Please repeat the lines below exactly. Begin with the line containing "rugged bearded man with intense blue eyesの素材" and go on through the line containing "奶油风双人床su模型下载（渲染图2）".
*** Exercise materials Section Begins ***
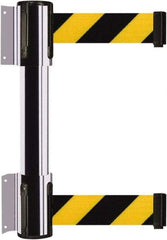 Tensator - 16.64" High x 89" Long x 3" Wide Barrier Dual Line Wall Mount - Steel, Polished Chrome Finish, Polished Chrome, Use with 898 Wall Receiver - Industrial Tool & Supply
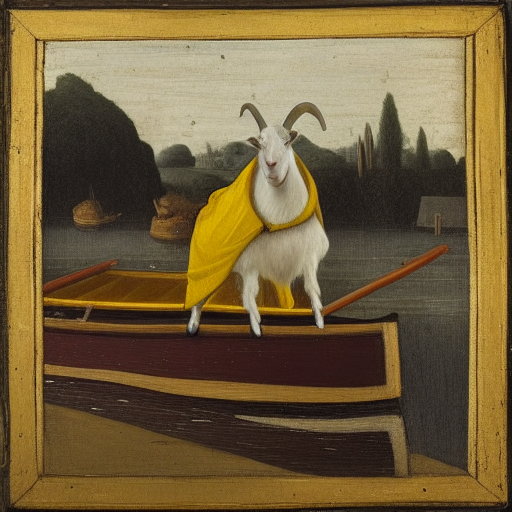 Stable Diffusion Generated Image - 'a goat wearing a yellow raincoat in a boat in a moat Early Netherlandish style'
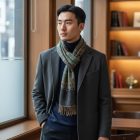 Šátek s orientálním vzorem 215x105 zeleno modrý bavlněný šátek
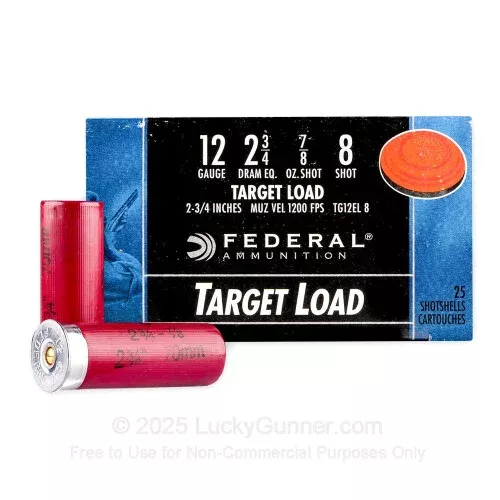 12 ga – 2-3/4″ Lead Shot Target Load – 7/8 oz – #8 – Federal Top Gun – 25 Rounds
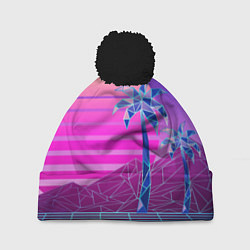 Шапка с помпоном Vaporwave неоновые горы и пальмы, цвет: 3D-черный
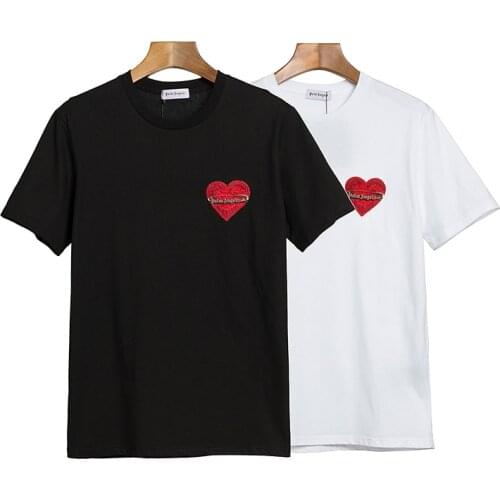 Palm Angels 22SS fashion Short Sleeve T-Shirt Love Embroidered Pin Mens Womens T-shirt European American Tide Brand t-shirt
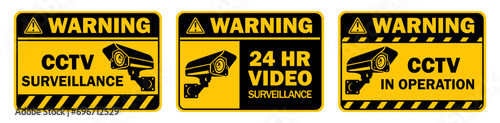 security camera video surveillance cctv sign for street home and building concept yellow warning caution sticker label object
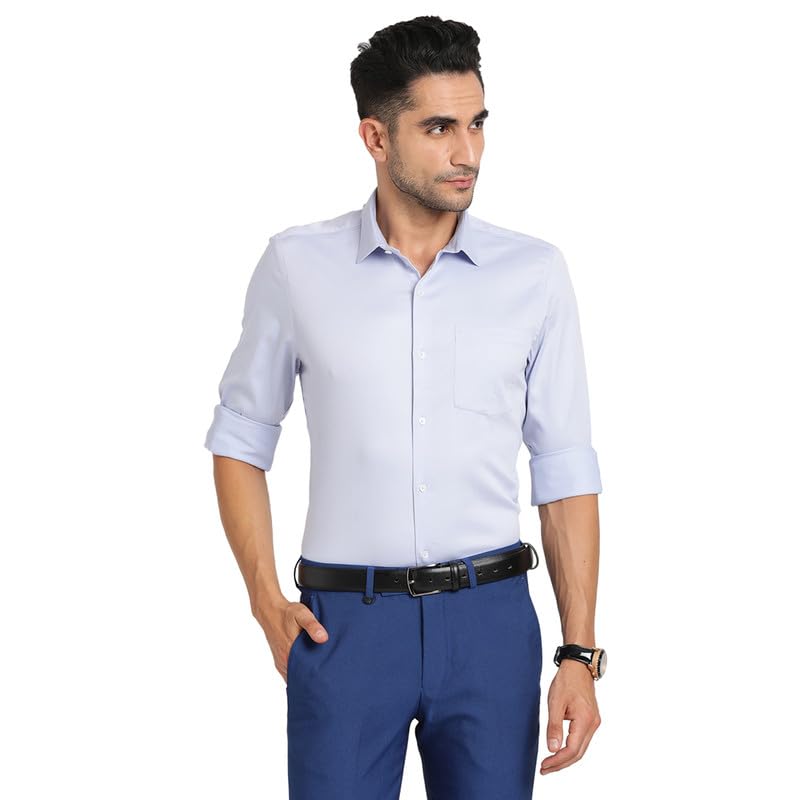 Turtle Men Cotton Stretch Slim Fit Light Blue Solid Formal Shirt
*** Exercise materials Section Ends ***
*** Exercise materials Section Begins ***
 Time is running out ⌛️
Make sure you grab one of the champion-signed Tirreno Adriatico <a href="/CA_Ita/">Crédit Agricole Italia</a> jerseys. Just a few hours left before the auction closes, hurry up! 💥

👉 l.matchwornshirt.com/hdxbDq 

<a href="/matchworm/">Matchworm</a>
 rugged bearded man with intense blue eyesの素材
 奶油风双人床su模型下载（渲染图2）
*** Exercise materials Section Ends ***
*** Exercise materials Section Begins ***
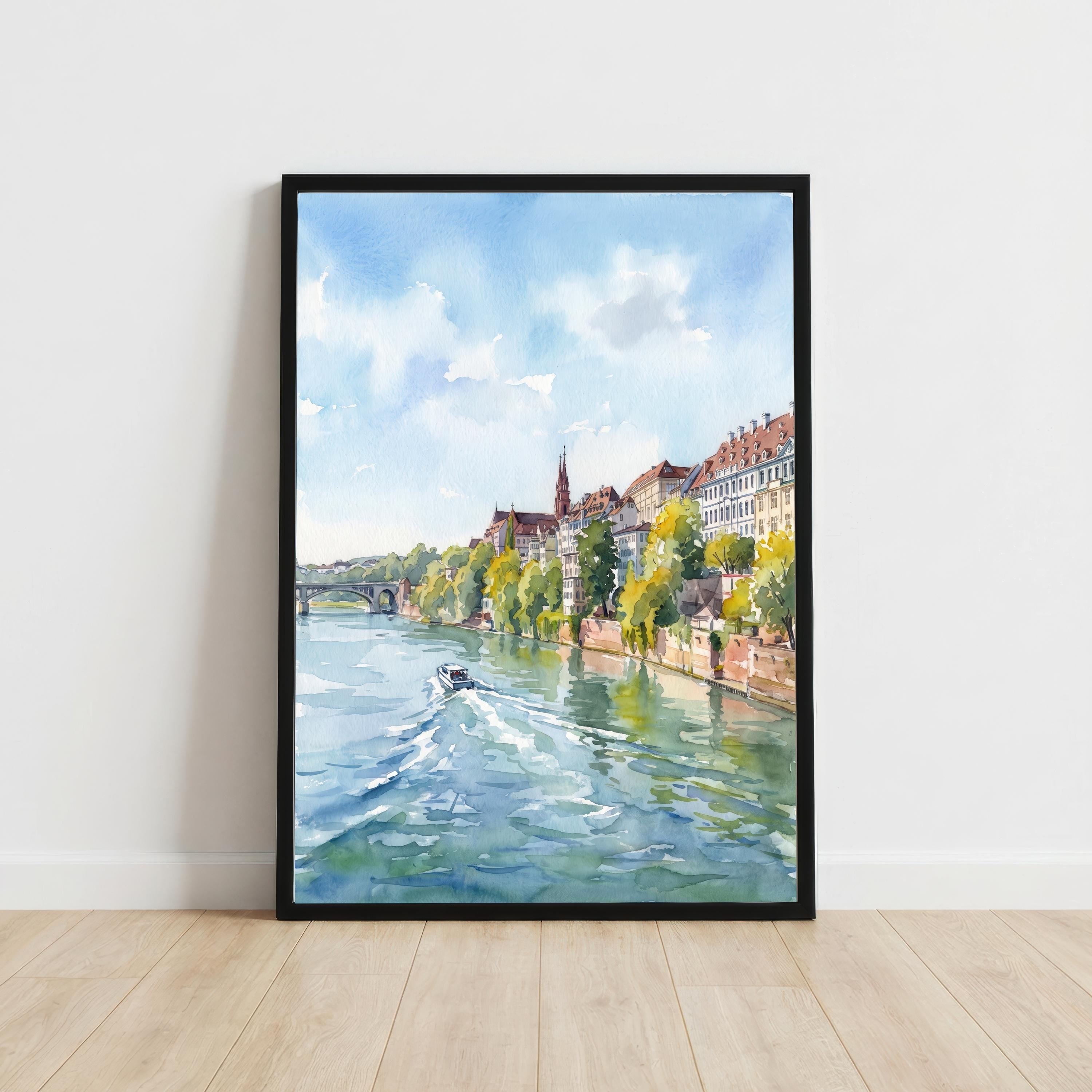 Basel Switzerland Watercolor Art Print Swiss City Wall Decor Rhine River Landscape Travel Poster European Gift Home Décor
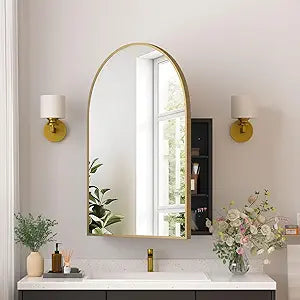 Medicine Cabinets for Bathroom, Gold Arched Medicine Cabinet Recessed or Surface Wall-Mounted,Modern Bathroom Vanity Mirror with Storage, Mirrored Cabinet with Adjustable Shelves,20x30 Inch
*** Exercise materials Section Ends ***
Solution below —
 rugged bearded man with intense blue eyesの素材
 奶油风双人床su模型下载（渲染图2）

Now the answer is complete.